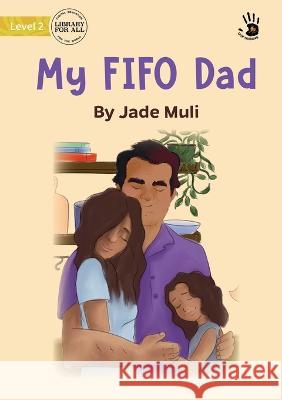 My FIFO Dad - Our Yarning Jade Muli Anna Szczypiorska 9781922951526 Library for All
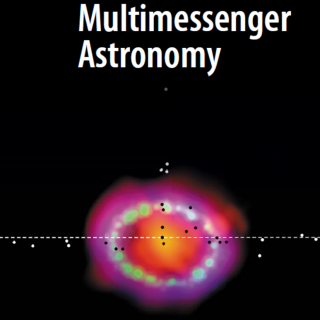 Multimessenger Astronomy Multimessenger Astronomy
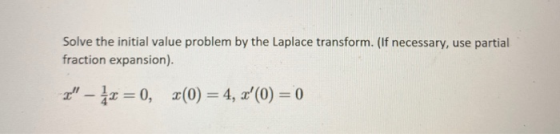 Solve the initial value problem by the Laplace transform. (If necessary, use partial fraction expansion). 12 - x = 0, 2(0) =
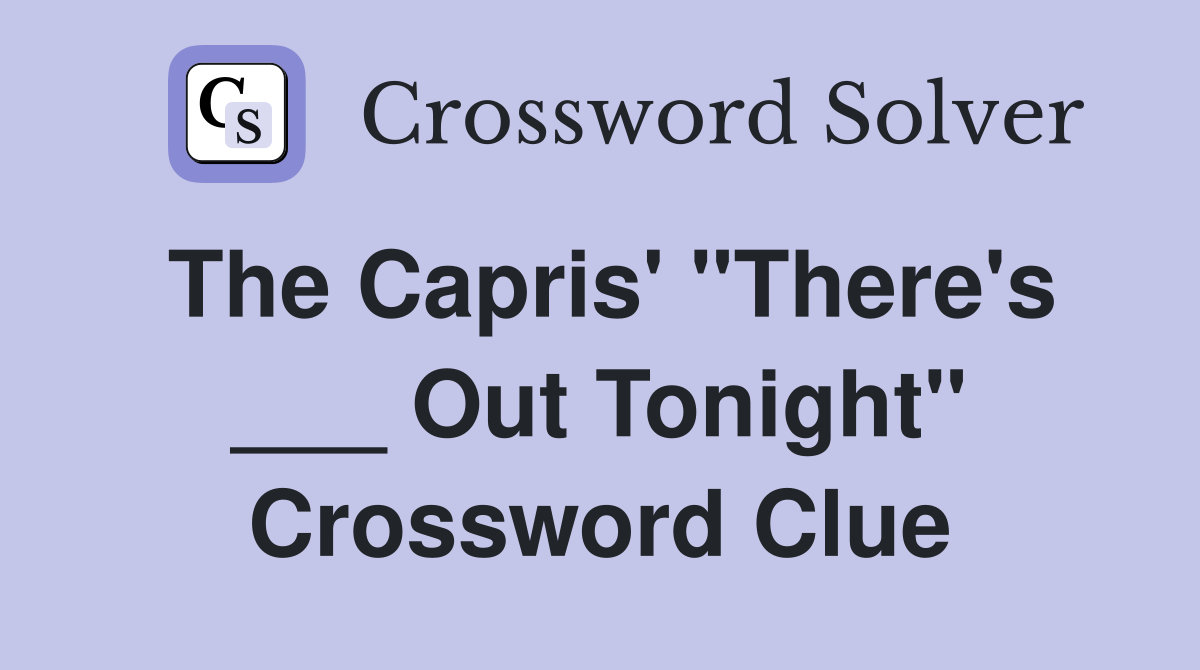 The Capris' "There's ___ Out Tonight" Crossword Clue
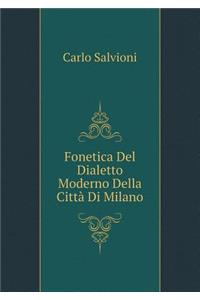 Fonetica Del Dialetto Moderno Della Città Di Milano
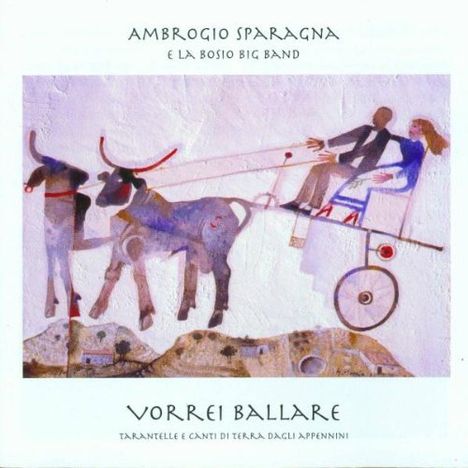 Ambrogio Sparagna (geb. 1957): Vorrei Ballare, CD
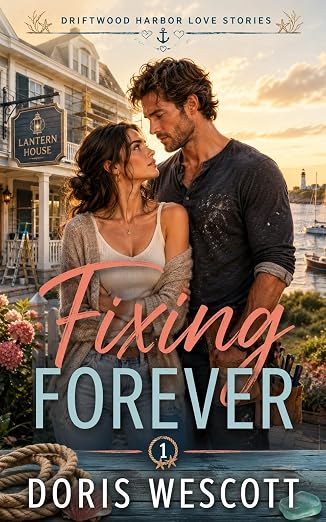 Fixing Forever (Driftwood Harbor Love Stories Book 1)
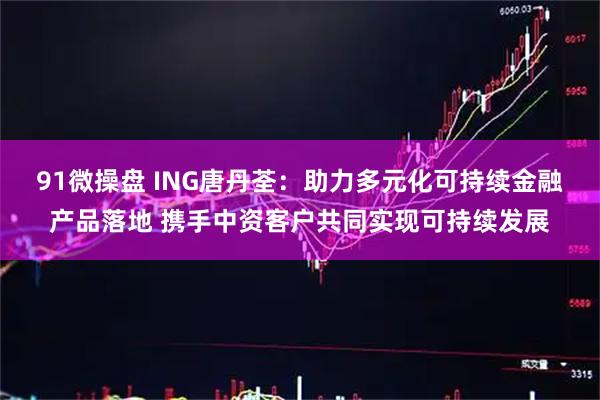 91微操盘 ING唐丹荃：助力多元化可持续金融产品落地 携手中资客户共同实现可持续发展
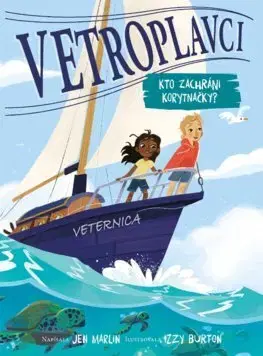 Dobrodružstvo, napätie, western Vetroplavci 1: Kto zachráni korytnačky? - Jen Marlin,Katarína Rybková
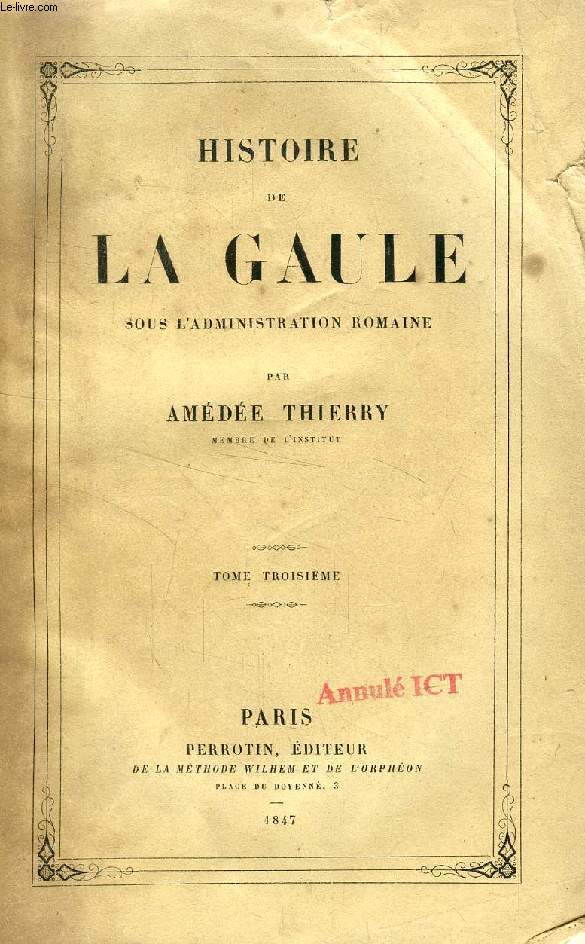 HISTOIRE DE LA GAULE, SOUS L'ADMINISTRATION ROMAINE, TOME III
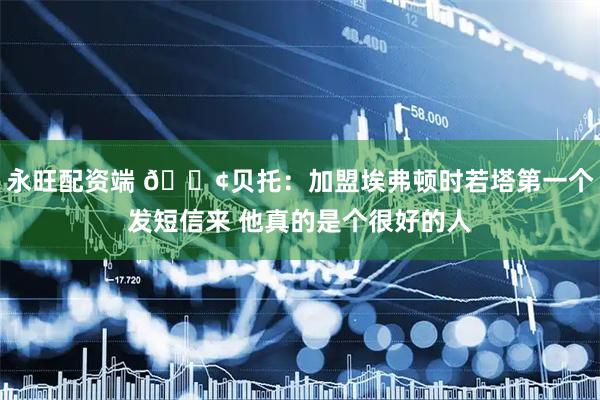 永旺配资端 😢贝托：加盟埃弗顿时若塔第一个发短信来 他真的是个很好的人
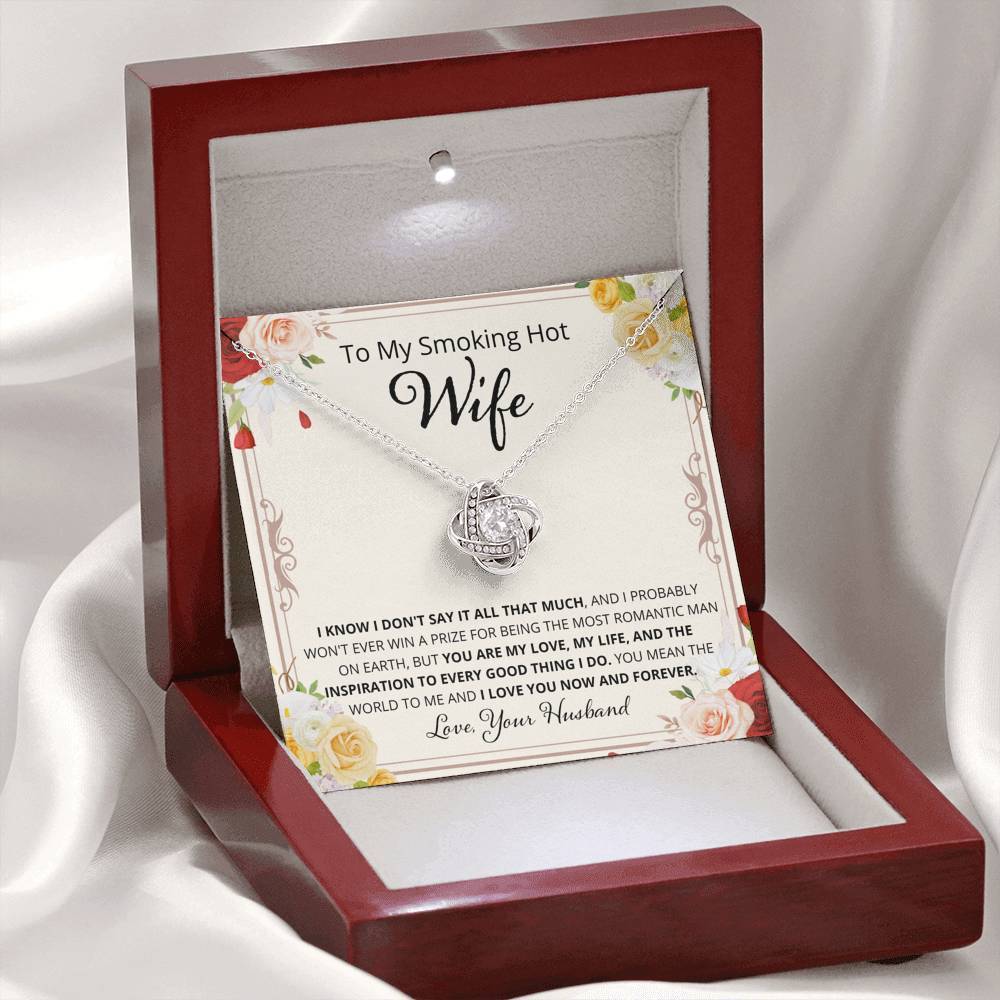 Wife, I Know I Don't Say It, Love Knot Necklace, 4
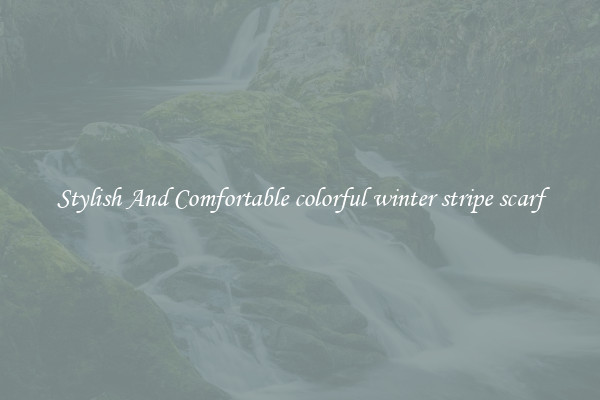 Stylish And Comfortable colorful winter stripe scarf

──────

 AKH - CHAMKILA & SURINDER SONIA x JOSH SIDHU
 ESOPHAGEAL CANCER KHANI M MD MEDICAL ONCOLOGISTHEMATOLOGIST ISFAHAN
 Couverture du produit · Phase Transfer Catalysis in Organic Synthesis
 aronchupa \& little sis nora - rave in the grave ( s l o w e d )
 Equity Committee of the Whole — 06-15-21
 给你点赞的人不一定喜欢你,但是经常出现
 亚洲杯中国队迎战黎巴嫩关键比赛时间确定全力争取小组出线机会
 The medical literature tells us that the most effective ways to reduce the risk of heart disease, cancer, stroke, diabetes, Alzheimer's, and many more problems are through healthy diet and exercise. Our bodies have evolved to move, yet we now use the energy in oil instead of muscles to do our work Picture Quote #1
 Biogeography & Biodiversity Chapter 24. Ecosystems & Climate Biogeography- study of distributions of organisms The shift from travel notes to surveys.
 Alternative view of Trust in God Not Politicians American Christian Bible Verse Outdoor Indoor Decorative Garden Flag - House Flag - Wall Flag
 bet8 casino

──────

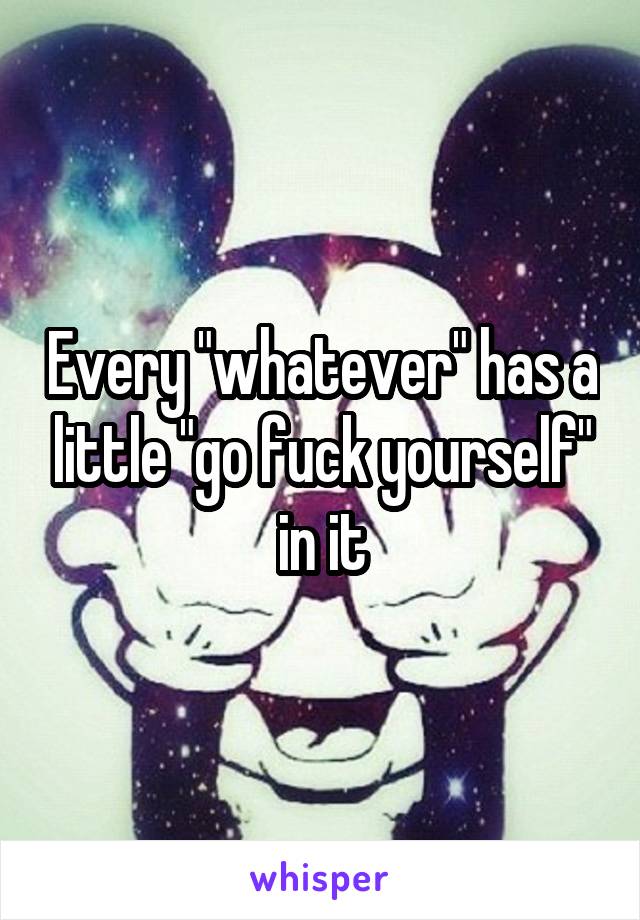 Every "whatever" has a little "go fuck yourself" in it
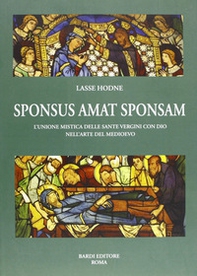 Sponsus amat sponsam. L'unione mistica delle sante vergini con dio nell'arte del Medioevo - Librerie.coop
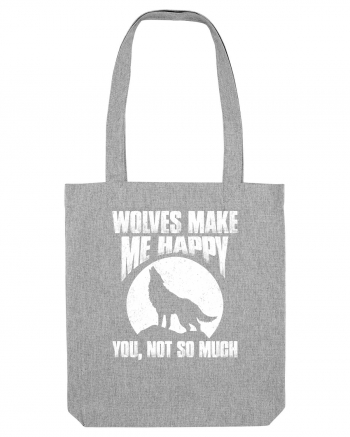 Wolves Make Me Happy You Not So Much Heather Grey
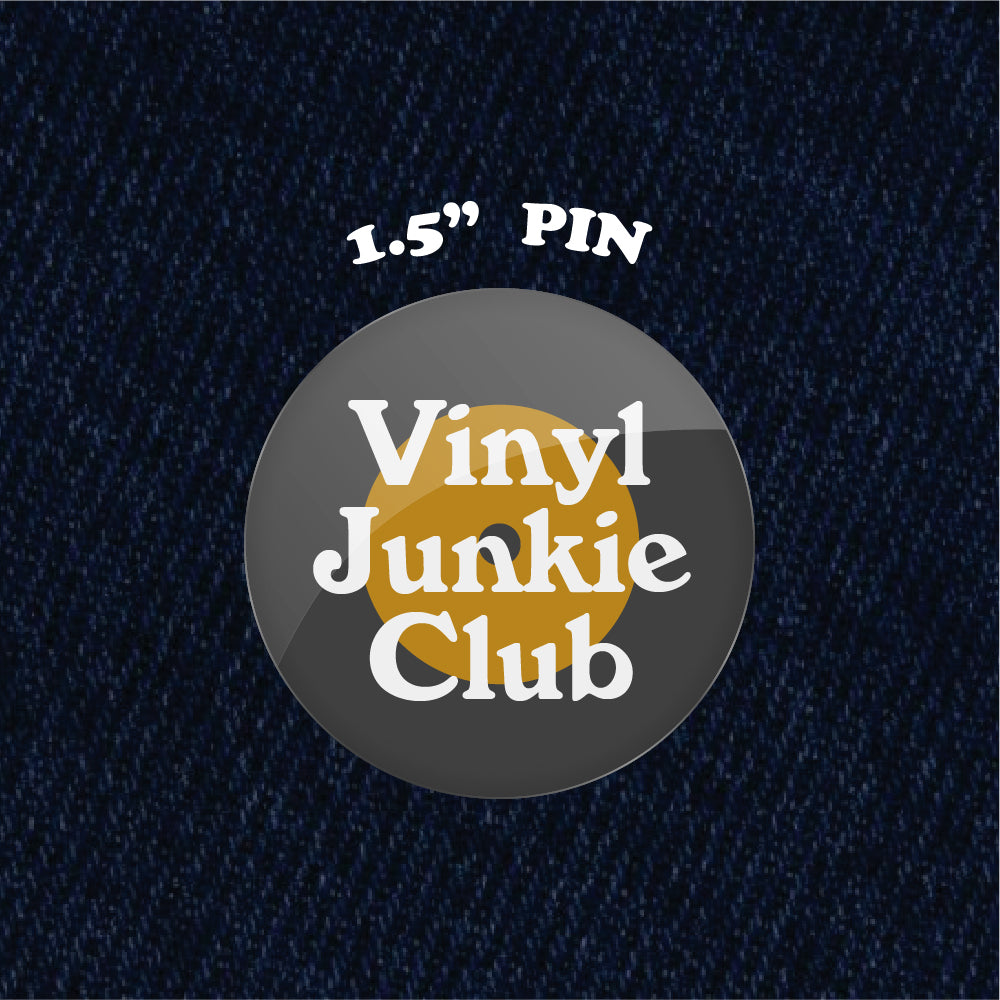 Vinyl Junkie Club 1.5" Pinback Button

──────

What you should do ::
Look above for the line with "Ambrogio Sparagna (geb." and the line with "Stylish And Comfortable"; set down those two lines and all lines between them exactly, without pictures and without anything else.

Your solution ::
 Ambrogio Sparagna (geb. 1957): Vorrei Ballare, CD
 Fixing Forever (Driftwood Harbor Love Stories Book 1)
 91微操盘 ING唐丹荃：助力多元化可持续金融产品落地 携手中资客户共同实现可持续发展
 Dobrodružstvo, napätie, western Vetroplavci 1: Kto zachráni korytnačky? - Jen Marlin,Katarína Rybková
 HISTOIRE DE LA GAULE, SOUS L'ADMINISTRATION ROMAINE, TOME III
 永旺配资端 😢贝托：加盟埃弗顿时若塔第一个发短信来 他真的是个很好的人
 Wife, I Know I Don't Say It, Love Knot Necklace, 4
 Stylish And Comfortable colorful winter stripe scarf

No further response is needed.